Penulis sekaligus sutradara Muhadkly Acho menyebut pencapaian tersebut melampaui hitung-hitungan pribadinya. Dalam keterangannya, Acho menyampaikan rasa syukur sekaligus apresiasi kepada penonton yang terus menyertai perjalanan film itu. Ia mengatakan, “Mustahil buat saya, ternyata hal kecil buat Tuhan,” seraya menegaskan film kedua ini kini sudah melewati capaian film pertama.
Produser Ernest Prakasa menilai respons publik menjadi faktor utama yang membuat “nyala” film ini bertahan hingga hari-hari liburan. Ernest mengaku terharu melihat antusiasme penonton dan menegaskan film masih terus tayang berkat dukungan tersebut.
“Terharu sekali melihat antusiasme… nyala api untuk film ini masih sangat membara,” kata Ernest.
Di tengah euforia capaian penonton, para personel kwartet AGAK LAEN—Bene Dion, Boris Bokir, Indra Jegel, dan Oki Rengga—juga menyiapkan rangkaian aktivitas yang dikemas sebagai bentuk apresiasi. Sebelumnya mereka sempat melempar pertanyaan ke warganet soal “nazar” apa yang pantas dilakukan bila film kedua ini melewati film pertama. Kini, setelah target itu terlampaui, Indra Jegel mengatakan mereka sedang memilah usulan warganet dan akan mengumumkan keputusan akhirnya.
“Kami lagi baca-bacain usul dari netizen,” ujar Indra Jegel.
Tak hanya itu, kwartet tersebut juga merencanakan agenda “menggentayangi” tiga kota dengan jumlah penonton tertinggi untuk periode 17–31 Desember 2025. Konsepnya dibuat khas dunia AGAK LAEN: mereka akan mengenakan kostum hantu seperti yang muncul di film pertama, lalu melakukan pawai bersama warga di kota-kota teratas. Hingga 24 Desember 2025, tiga kota dengan penonton tertinggi yang disebut berada di urutan atas ialah Tangerang, Bekasi, dan Medan.
Dari sisi cerita, AGAK LAEN: Menyala Pantiku! menggeser panggung aksi para tokohnya ke situasi penyamaran yang lebih “misi” dan lebih rapat unsur komedinya.
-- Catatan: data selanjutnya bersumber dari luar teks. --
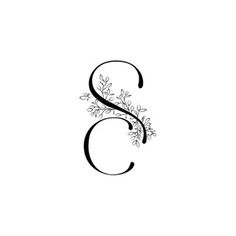 the letter s is made up of flowers and leaves in black ink on a white background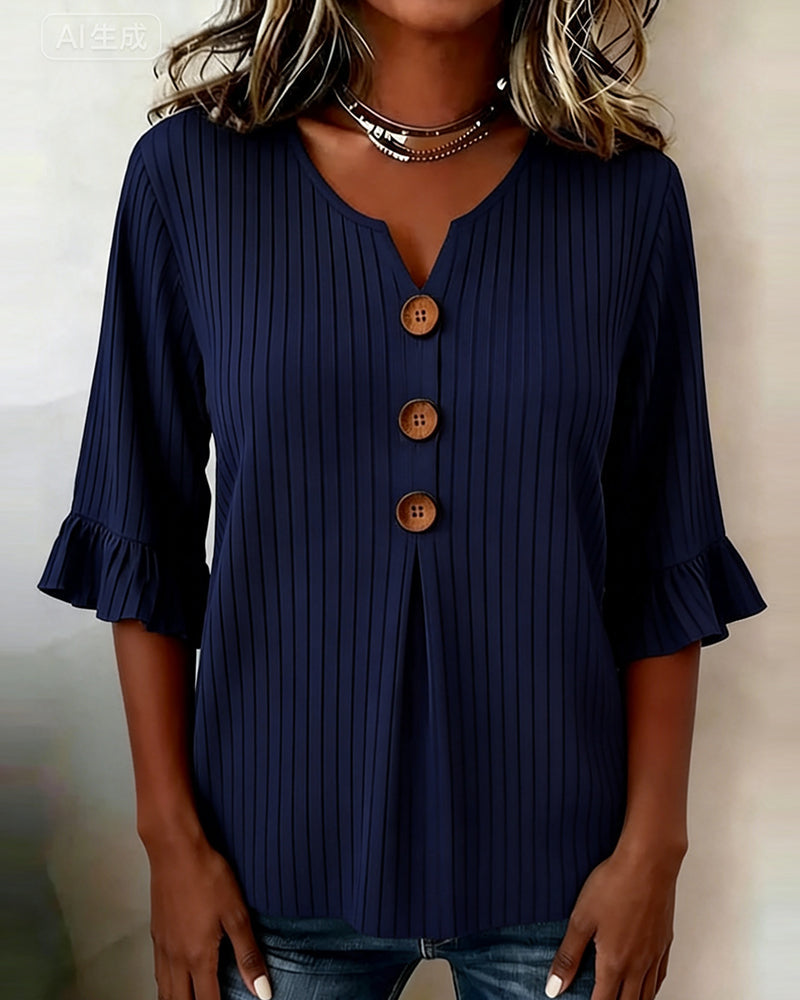 Blouse Glockenärmel Gerippt Holzknopf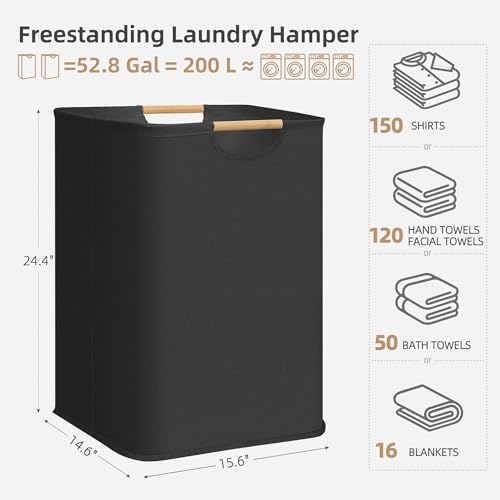 STORAGE MANIAC 2-Pack Large Laundry Hamper, 100L (26.4 Gal) Collapsible Laundry Basket with Bamboo Handles, Freestanding Waterproof Clothes Hamper for Laundry Room, Bedroom, Dorm, Towels, Black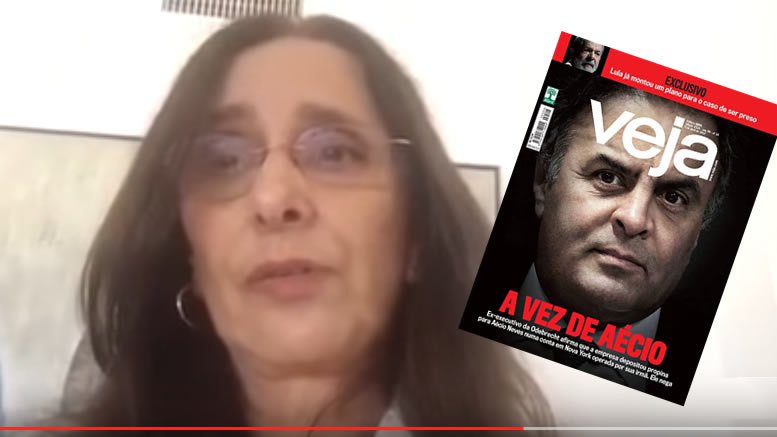 montagem Andrea Neves, capa de Veja, artigo de Cássio Vilela Prado: A negação da realidade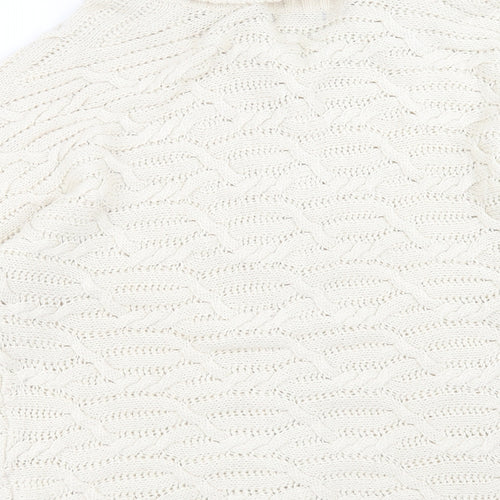 BM Womens Beige Collared  Acrylic Cardigan Jumper Size M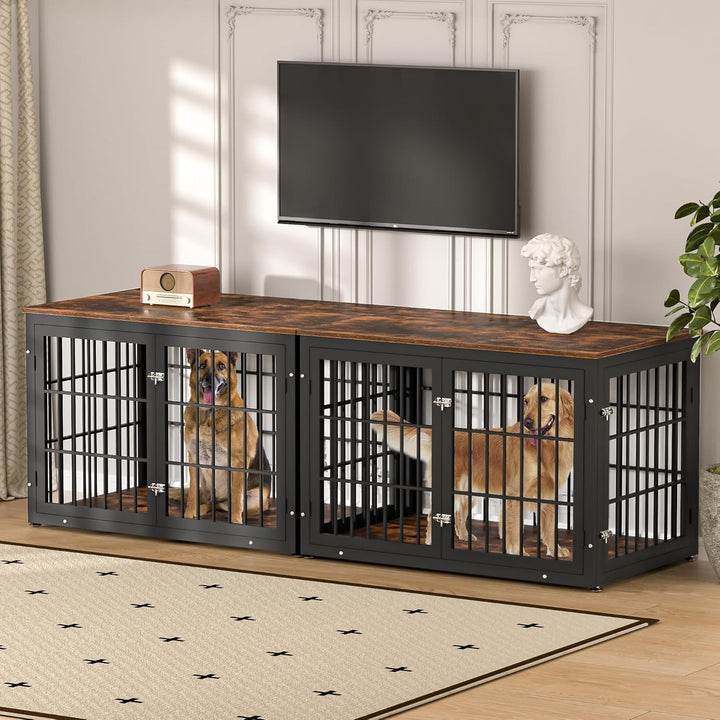 48 Inch Rustic Heavy Duty Dog Crate Furniture for Extra Large Dogs, Decorative Pet House End Table, Wooden Cage Kennel Furniture Indoor, Black and Brown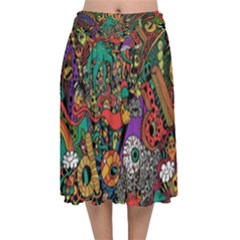 Cute Cartoon Doodle Velvet Flared Midi Skirt by Bedest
Film ini mengisahkan Detektif Bene, Boris, Jegel, dan Oki yang setelah berkali-kali gagal menjalankan tugas, mendapat satu kesempatan terakhir: mereka harus menyamar dan menyusup ke sebuah panti jompo demi memburu buronan dalam kasus pembunuhan anak wali kota. Misi penyamaran itu menjadi pintu masuk rangkaian kekacauan berikutnya—yang diposisikan sebagai menu utama film untuk mengajak penonton tertawa di akhir 2025 dan awal 2026.
Capaian penonton yang melesat cepat ini sekaligus mempertegas posisi Imajinari sebagai salah satu studio yang sedang panas di pasar film nasional. Imajinari didirikan oleh Ernest Prakasa dan Dipa Andika, dengan rekam jejak produksi yang menonjol dalam beberapa tahun terakhir.
Di sisi prestasi industri, film Jatuh Cinta Seperti di Film-Film tercatat meraih Film Cerita Panjang Terbaik di Festival Film Indonesia (FFI) 2024, dan penghargaan pemeran utama juga jatuh kepada Ringgo Agus Rahman (pemeran utama pria terbaik) serta Nirina Zubir (pemeran utama perempuan terbaik) untuk film yang sama.
Sementara untuk capaian representasi internasional, film Ngeri-Ngeri Sedap pernah diumumkan sebagai film yang mewakili Indonesia untuk seleksi Oscar 2023 (kategori film panjang internasional).